Driesen urges the United States to learn from the mistakes of these failing democracies. Their experiences suggest, Driesen shows, that the US Supreme Court must eschew its reliance on and expansion of the "unitary executive theory" and apply a less deferential approach to presidential authority, invoked to protect national security and combat emergencies, than it has in recent years.
Ultimately, Driesen argues that concern about loss of democracy should play a major role in jurisprudence, because loss of democracy can prove irreversible. As autocracy spreads throughout the world, maintaining our democracy has become an urgent matter.
Abstract: Chapter 5—The Specter of Dictatorship: Poland, Hungary and Turkey
This chapter, the heart of the book, examines the role of executive power in undermining democracy in Poland, Hungary, and Turkey.
In all three cases, creation of centralized control over the executive branch of government paved the way for autocracy, leading to politicized use of prosecution to undermine political opponents, shrinking of the media available to dissenters, and tilting the electoral playing field.
This analysis focuses primarily on centralization of control over prosecution, media authorities, and electoral commissions.

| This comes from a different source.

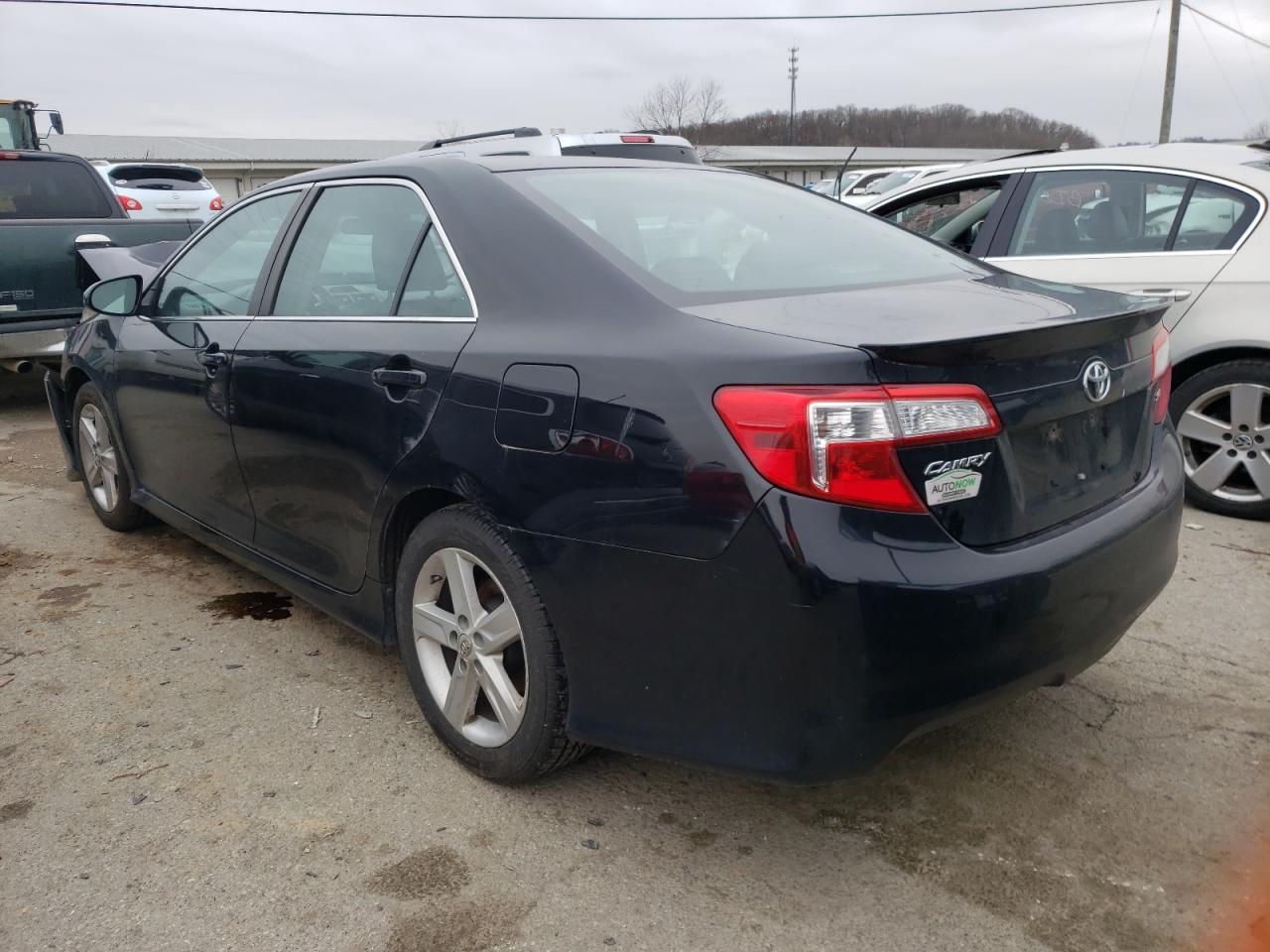 Photo 3 from auction – 2013 TOYOTA CAMRY L with VIN 4T1BF1FK4DU244105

In Hungary and Turkey, abuse of emergency powers accelerated the establishment of autocracy.
These countries' autocrats eroded democracy with the support of a political party enjoying the support of at least a substantial minority of voters. Party members in Parliament helped destroy democracy by voting in lockstep fashion to support "reforms" undermining independent agencies and prosecutorial independence.